Despite the hardship of affording two young cats, Colin couldn’t live without them.

“I can’t even think what I’d do without my cats. I need them there, it’s lonely enough as it is,” he explained. “I wouldn’t be able to cope alone.”

Sharing his advice for other people struggling to feed themselves and their pets, Colin said: “Week by week, check the prices and shop around if you can.

“You’d be surprised where you can find food cheaper – places like B&M sell cat food.

“With cat litter, I used to buy the cheap one but it’s actually more cost effective to buy the expensive one because it lasts longer.

“Tinned food is cheaper than pouches because four pouches can make up one tin.”

Colin also recommends reaching out to animal charities if you are in desperate need of help.

When he found himself homeless, his whole world came crashing down again after two-year-old Molly went missing.

“I was already having to deal with the shock of being told to move out of my home by what I now understand was an alleged rogue letting agency, so losing Molly was the final straw,” he said.

The domestic black cat was gone for five days before being found in a poor state, and Colin immediately drove her to the nearby Mayhew Animal Hospital to be checked.

After examination, animal welfare officers returned Molly to him with an emergency care package, including blankets and wet and dry food – which Colin found to be a lifesaver.

“I don’t know what I would’ve done. I didn’t have any food left for the cats,” he said.

“They came out with these massive 5kg bags of cat food, gave us blankets, lent us a box.
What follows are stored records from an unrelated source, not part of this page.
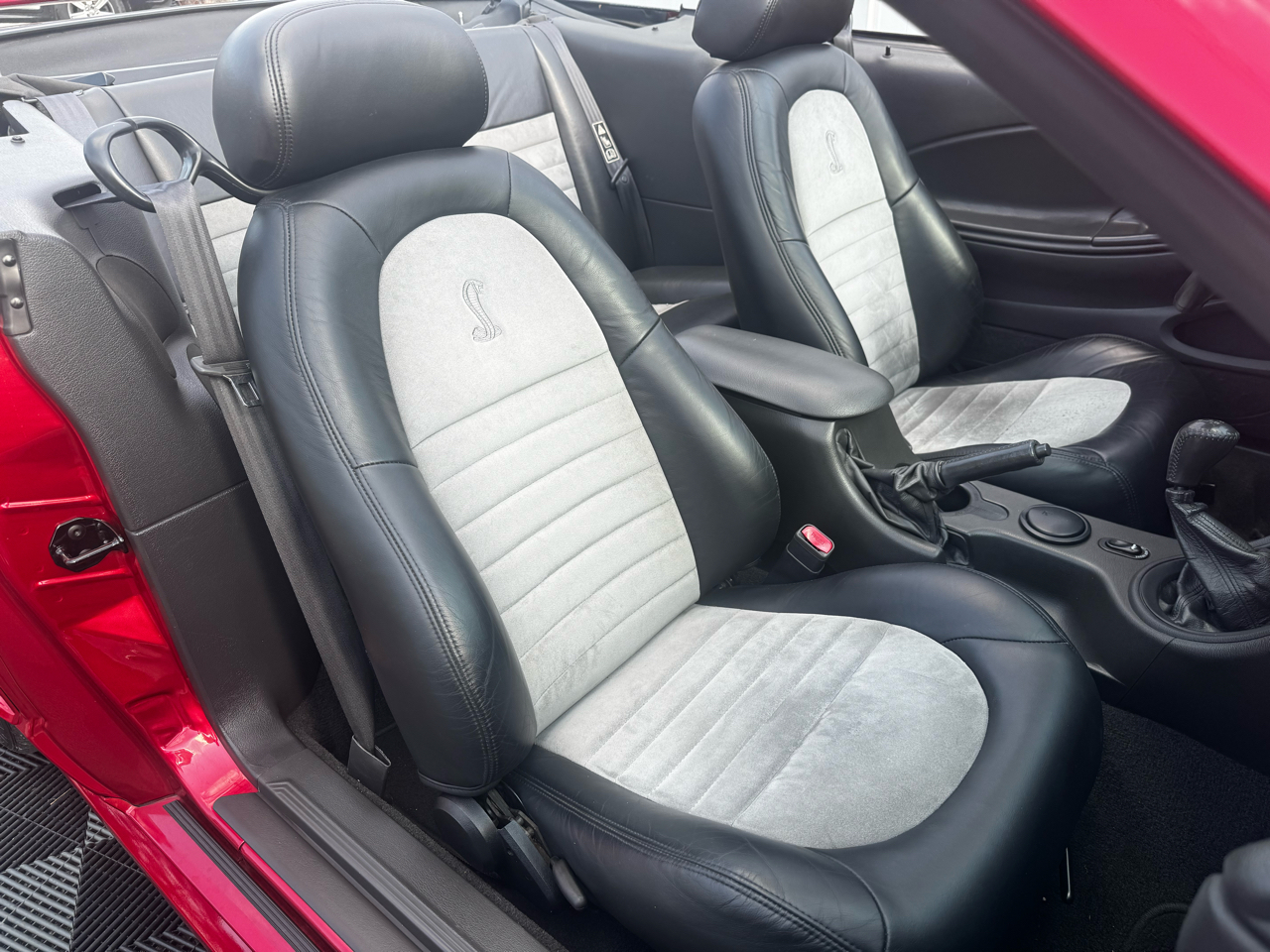 Ford Mustang 2dr Convertible SVT Cobra 2001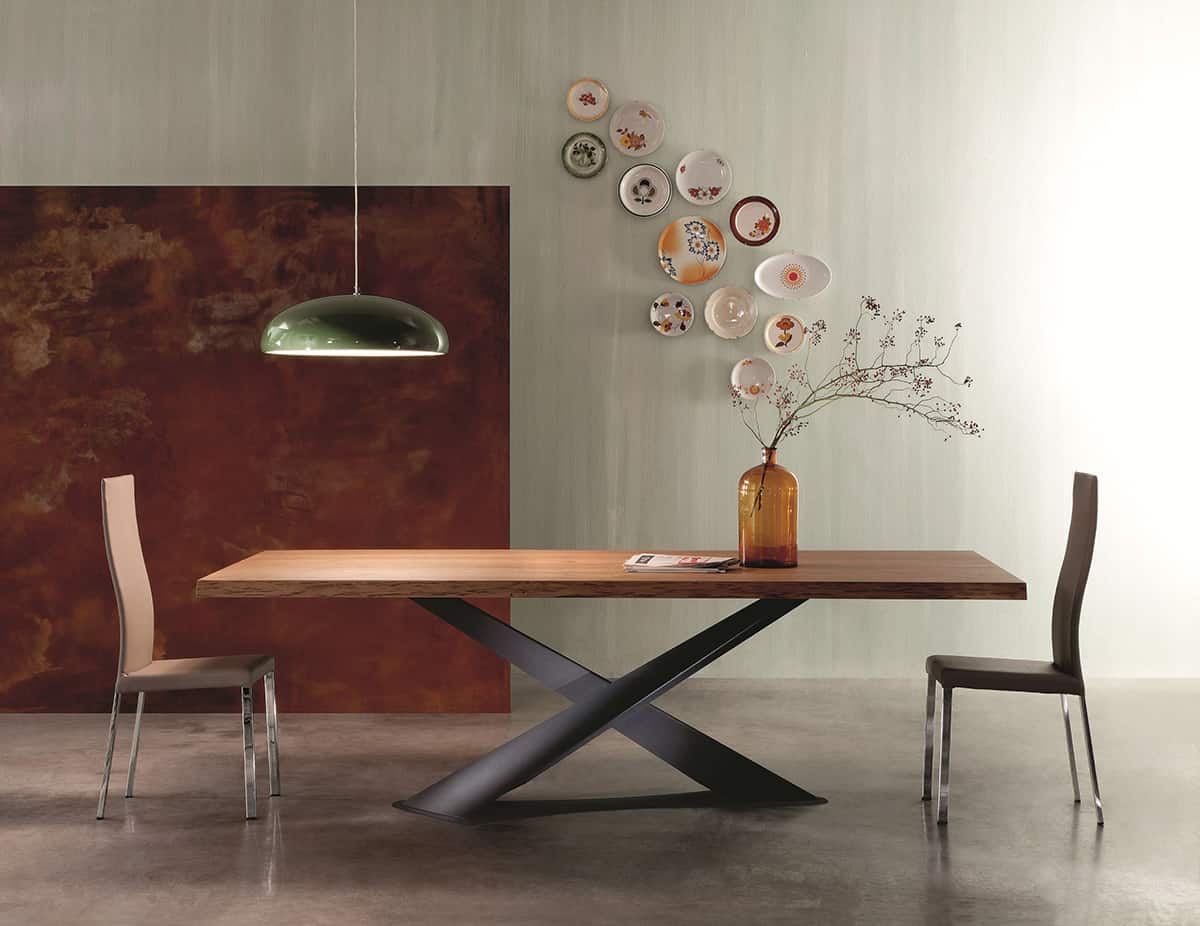 Uneven Edge Dining Table by Riflessi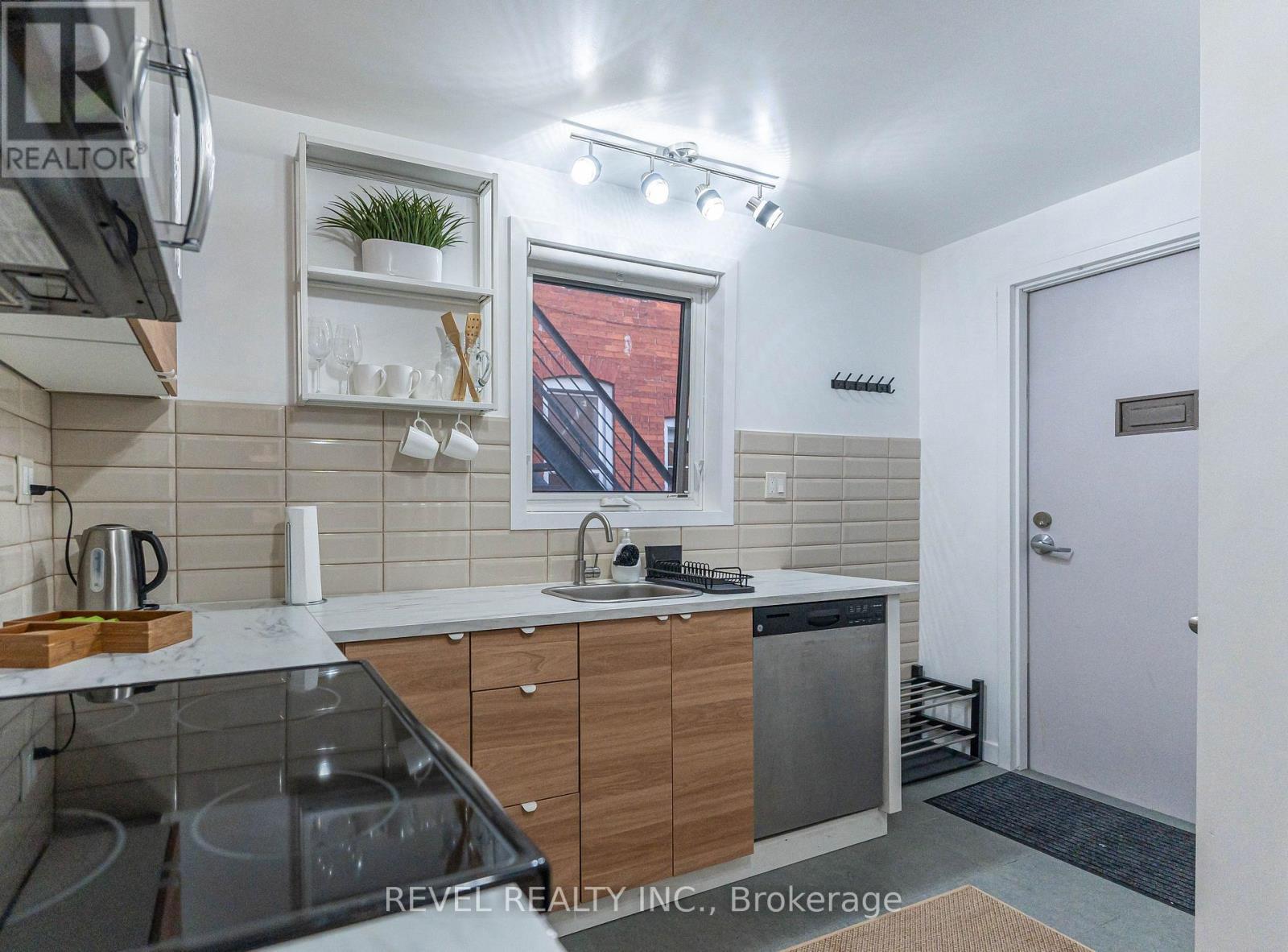 329 Main Street W, Hamilton, ON - Indoor Photo Showing Kitchen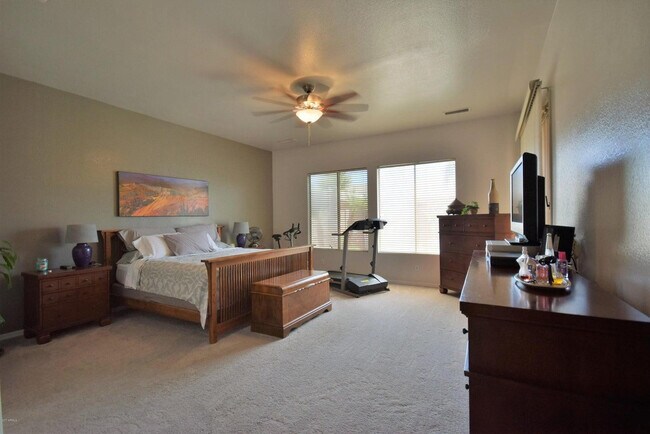 Building Photo - 483 W Carob Dr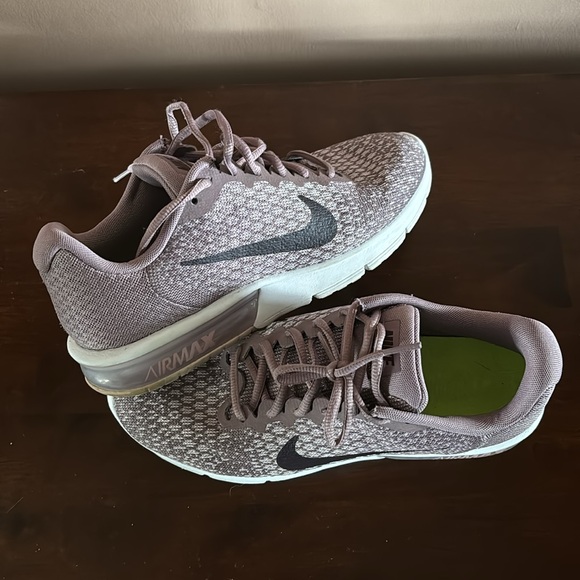 Women’s Nike Air Max Sequent 2 - Picture 3 of 3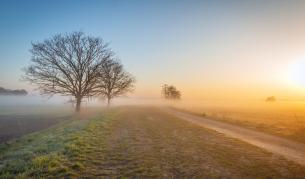Внимавайте навън - сняг и бурен вятър в понеделник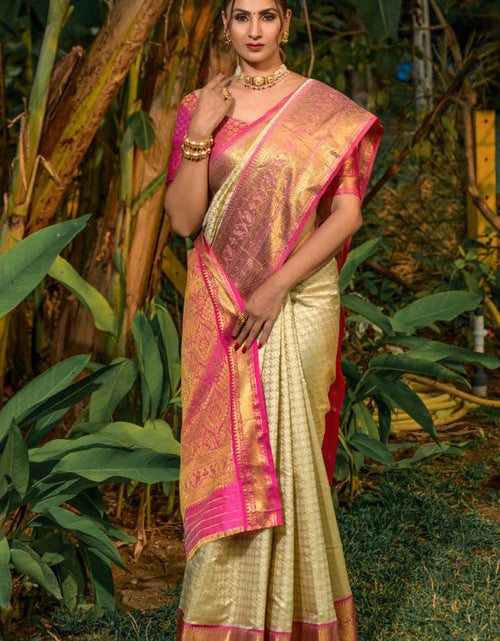 Load image into Gallery viewer, rajyogam banarasi silk saree surat
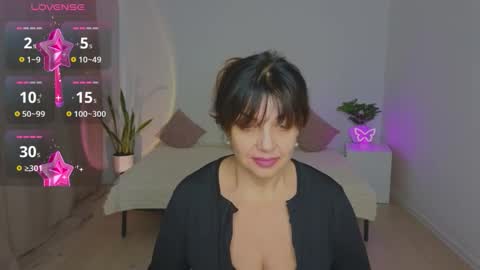 Snapshot of nika_light chatting on 12/14/25, 02:33 Nika light online show from 12/14/25, 02:33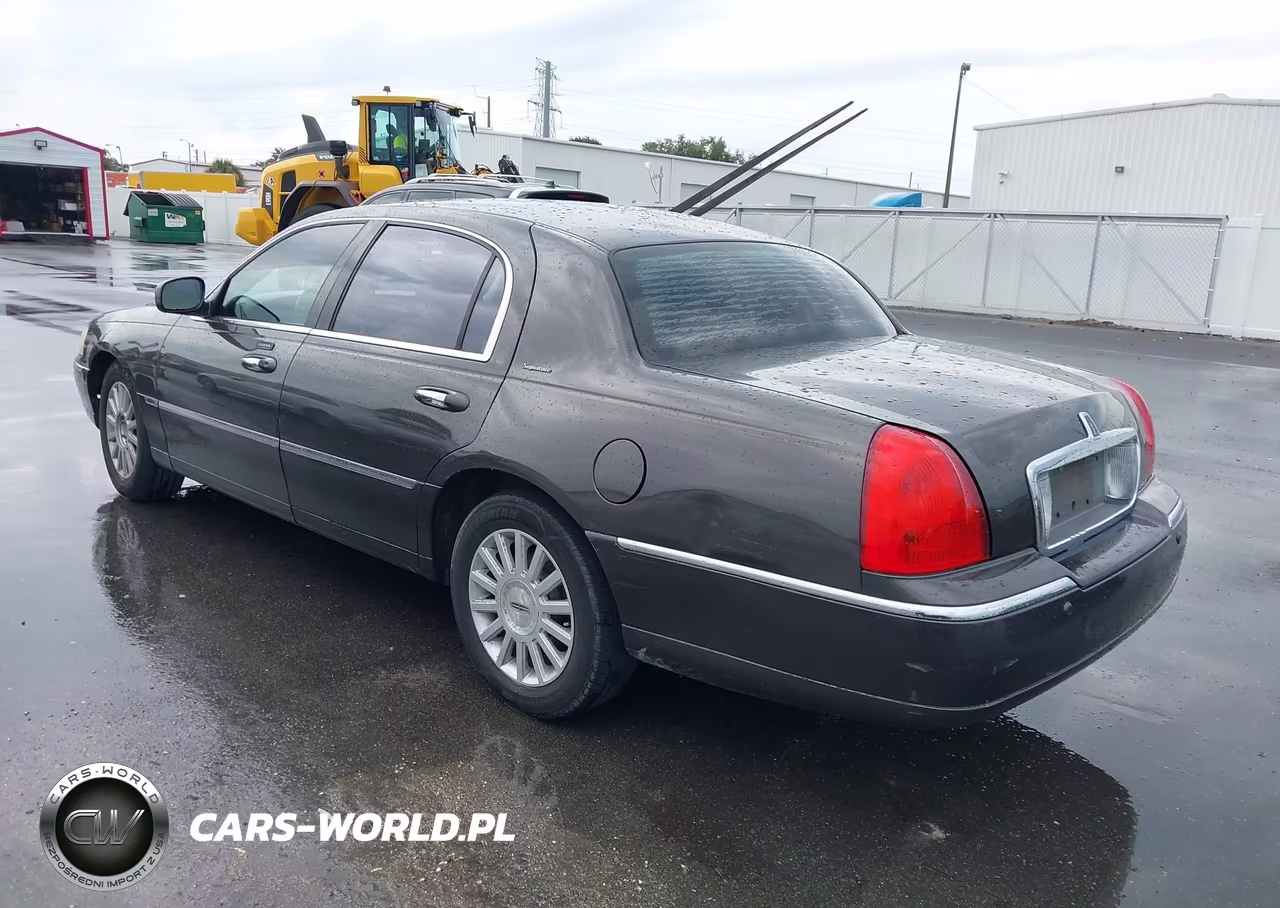 2005 Lincoln Town Car Signature VIN:1LNHM81W05Y608615 - 3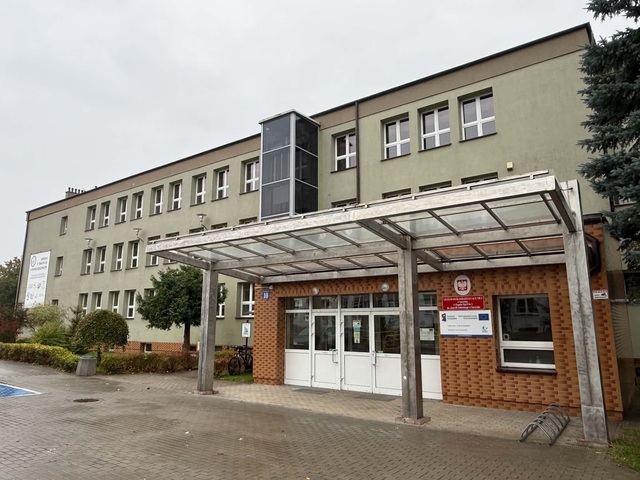 Blisko 842 tys. zł na rozwój kompetencji w szczycieńskiej „Trójce”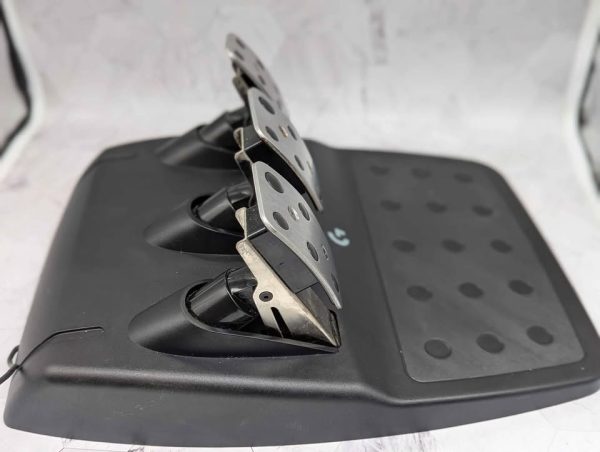 Logitech G923 TrueForce Racing Wheel & Pedals For PS5/4 - BP385188 - Image 7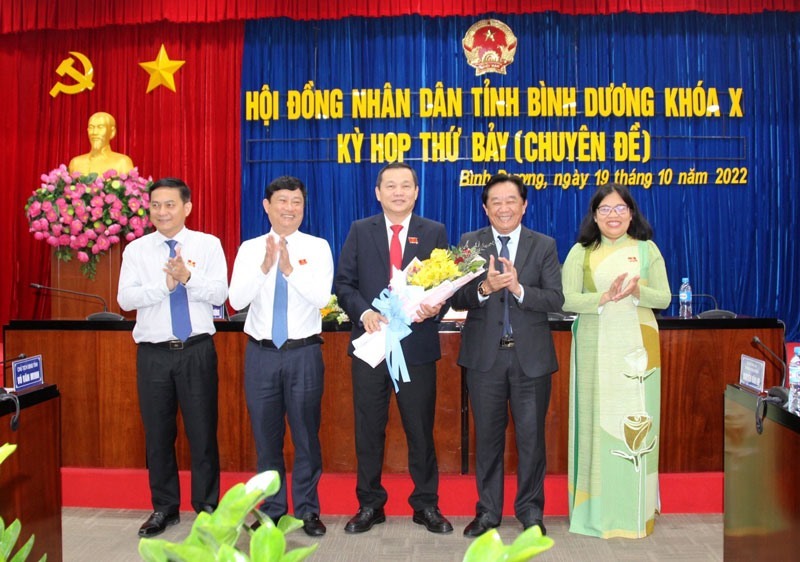 Chủ tịch HĐND tỉnh Bình Dương Phạm Văn Chánh xin thôi nhiệm vụ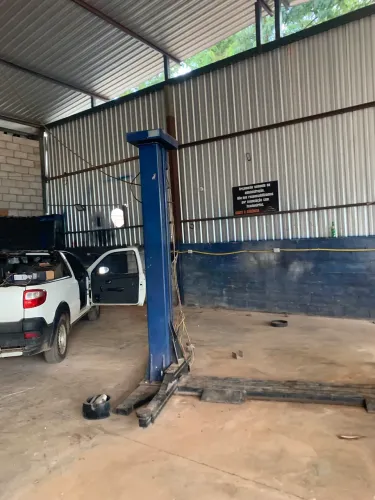 Vendo dois elevadores veicular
They were so friendly.

“They found places for the kittens and said that even if I move, if I get desperate for food I can come back any time.”

The animal charity offers Individual Care Packages to owners who are struggling to keep their pets in the current cost of living crisis, providing wet or dry food, cat litter, dog poop bags, a collar or lead or puppy training pads.

Randip Thompson, Mayhew director of income and engagement, said: “Colin’s raw and honest story shines a light on the devastating impact that the cost-of-living crisis is having on many pet owners now.

“Colin will not give up on his beloved cats and is committed to ensuring they all remain together, and we were so pleased to have been able to support this outcome.

“However, there are many others who can no longer afford to keep their furry friends and who are facing a desperate choice of feeding their themselves and their families or their pets.

“This is why our work to keep animals and their pet owners together is more important than ever.